Kuyek could not pin down how much of this money stayed in the territory, though she noted only one company had an office in the Yukon and all five were registered Outside.

And a couple of them are probably going to go out of business.

The Fraser Institute, in its 2008-09 Survey of Mining Companies, predicts 30 per cent of junior exploration companies are going to be wiped out in the current economic depression.

In March, Pricewaterhousecoopers reported the market capitalization of the top 100 junior mining companies fell to $4.1 billion in November from $20.2 billion in July, 2007.

“Investors fled this high-risk sector,” said the Pricewaterhousecoopers report.

And this is the sector the Yukon would have to rely on to explore the Peel.

Even if a single property were proven to have enough minerals to justify building a mine, there are several things that work against such a development, notes Kuyek’s report.

First, there’s no road or rail infrastructure, and it’s too expensive to build. Building a rail line from Carmacks to the region would cost an estimated $4.6 billion. Government would be tapped to help fund it.

Second, water flow in the region is low, and access to water for industry may be a serious problem, especially in the winter.

Third, there is currently no power available in the watershed, and building supply would either be cost prohibitive or, in the case of a proposed coal-fired generator scheme, an environmental nightmare.

Fourth, the quality of the region’s iron ore isn’t all that great—it isn’t the type highly desired by steel producers, which makes it less valuable in an area that’s expensive to mine.

Fifth, the skilled workers needed for such developments are in short supply, and, when found, they come at a premium price, which drives up costs, making fringe developments less profitable.
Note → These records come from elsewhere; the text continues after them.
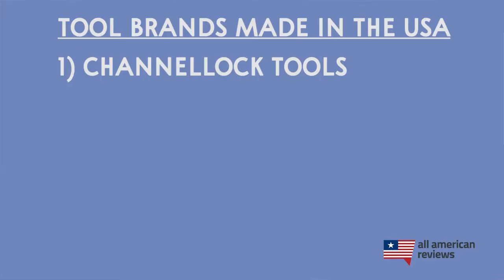Now I can't cover every single tool brand that's made in the USA in this video, so be sure to check in the description below for a link to my full article on tool brands made in the USA — we keep it very up to date. First up is Channellock Tools. Channellock is a manufacturer of really high quality hand tools, specifically pliers. They were founded in 1886 and are based in Pennsylvania. Channellock makes everything from tongue and groove pliers to lineman's pliers to long nose pliers and a ton of other tools. So if you are in the market for pliers, check out Channellock Tools.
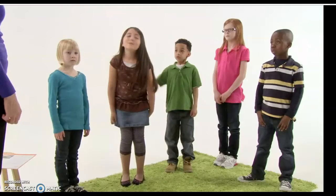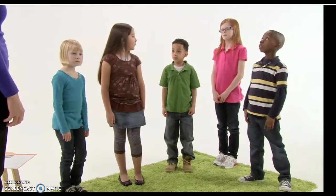Anyone else? Malachi — you really had to use your brain. Good. And now your bodies and brains are ready to learn.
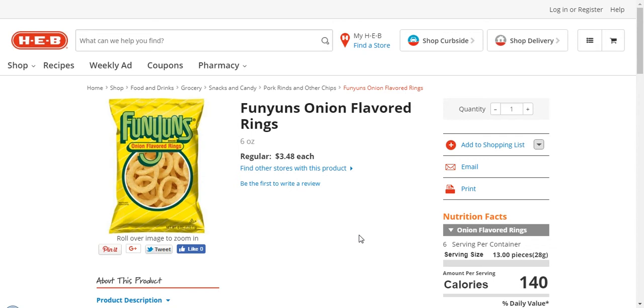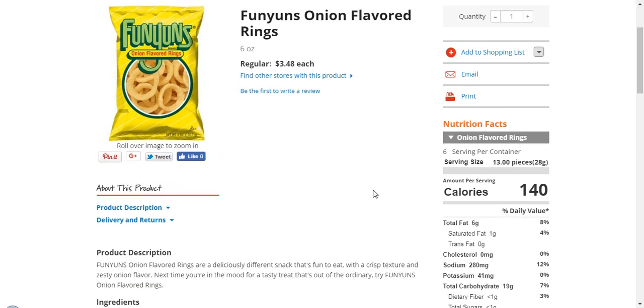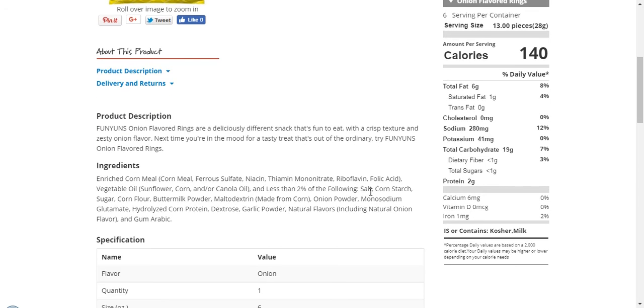That's pretty much it for this video. I also like the fact that it's got some level of potassium in there — it's not a whole lot, and it's got more sodium than anything, but I personally don't eat them that often.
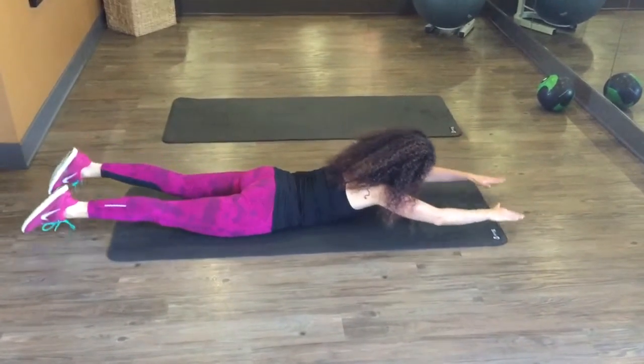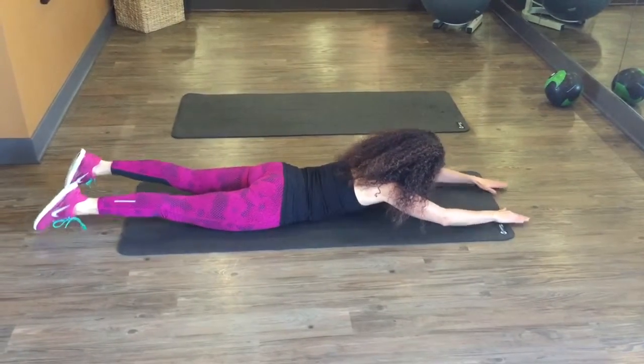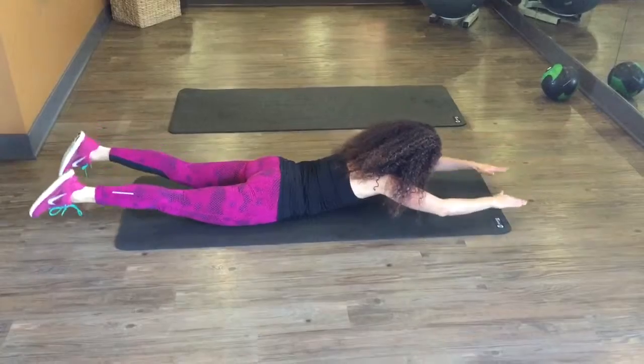You squeeze as you come up, so that means you exhale all the way up, and at the rest you inhale. Legs coming up, torso coming up, and relax.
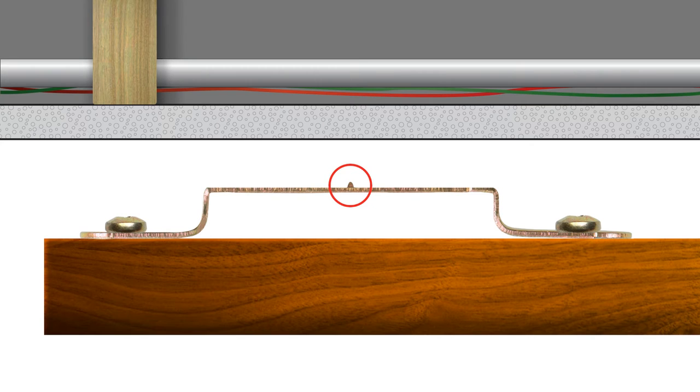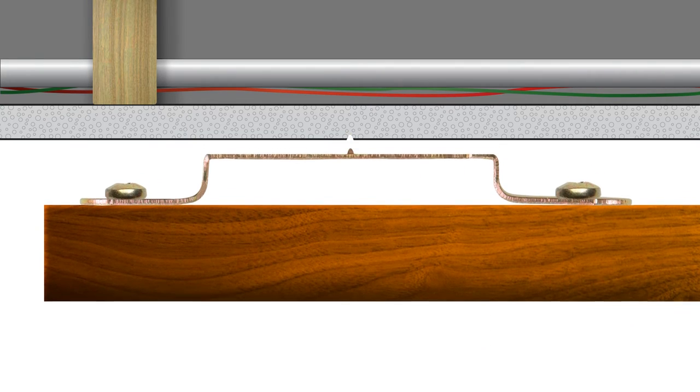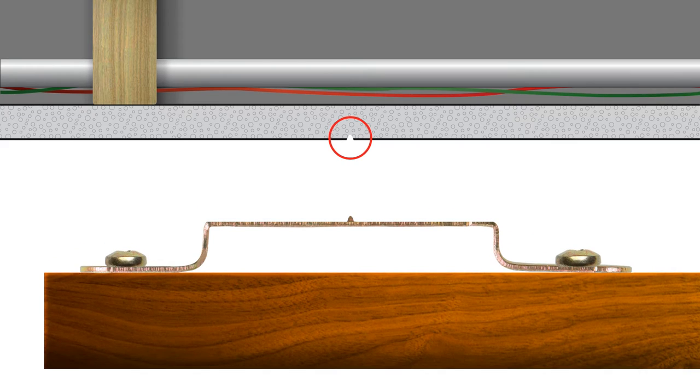The positioning point, built into the center of the hanger, is used to mark your wall in the position you want to hang your frame. You simply press the frame against the wall, the positioning points will make a small indentation in the wall, and that's where you'll insert your support pins.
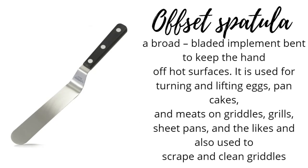Offset spatula: a broad, bladed implement bent to keep the hand off hot surfaces. It is used for turning and lifting eggs, pancakes, and meats on griddles, grills, sheet pans, and the like, and also used to scrape and clean griddles.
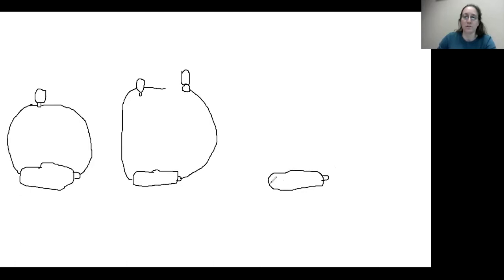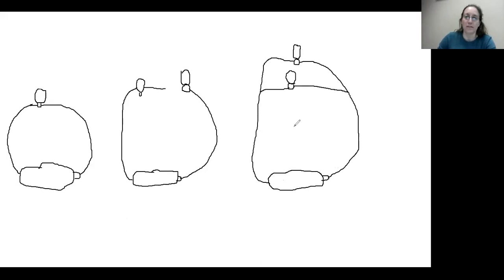A solution to that is a parallel circuit. You have your power source that goes to a light bulb and back to the power source, but you also have another one that has its own path, and another one that has its own path. Because there is a connection from your power source to each, there is a complete loop for each light bulb. If one happens to burn out, your other two lights will still be lit. So we're going to build a parallel circuit today.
And, last, wildly fluctuating metal prices will hamper any development.

“World metal prices must be sufficient enough that the value of the ore mined covers the cost of mine development, operation, closure/reclamation and a reasonable expectation of profit,” notes the Peel Watershed Planning Commission.

Such prices are unlikely in the current economic climate.

So, given all this, does society want to risk destroying one of the continent’s last grand ecosystems to allow more prospecting for resource deposits way out in the boonies of the boonies?

The answer, of course, is no. And most of the public understands this.

It’s the pick-and-shovel lobby that doesn’t. It’s either fixated on an unrealistic future or it’s determined to mine government.

And government should probably pay up.

It should buy out the existing stakeholders, who pumped $38 million into exploring the region.

“Although some compensation should be paid for the investments of mining companies in these potential mineral projects, this should be limited to their reasonable actual costs for exploration of the property,” notes Kuyek.

“Compensation needs to be fair and be considered within the wider public good, including land-use planning needs, protection of the environment and the creation of a sustainable economy.”

But we aren’t doing them a favour.

“They don’t own the minerals, the public does,” notes Kuyek. “And the public can decide what happens to them.”

There is precedence for such a payment.

In 1993, BC bought out claims in the Tatshenshini River from Royal Oak Mines for $166 million, notes Kuyek’s report.

There was a lot of fallout from that deal, it said.

Most miners don’t even recognize the huge payout, says Kuyek’s report.

“The battle has become a miner’s myth.

“It is clear that the size of the compensation package was not the issue; the issue was the perception of the junior mining industry that their rights are sacrosanct.”

But they’re not.

The Crown owns the land, and the underground wealth.

It can determine what is in the public’s best interest.

Given the economics of mining in the Peel, that’s clearly preservation.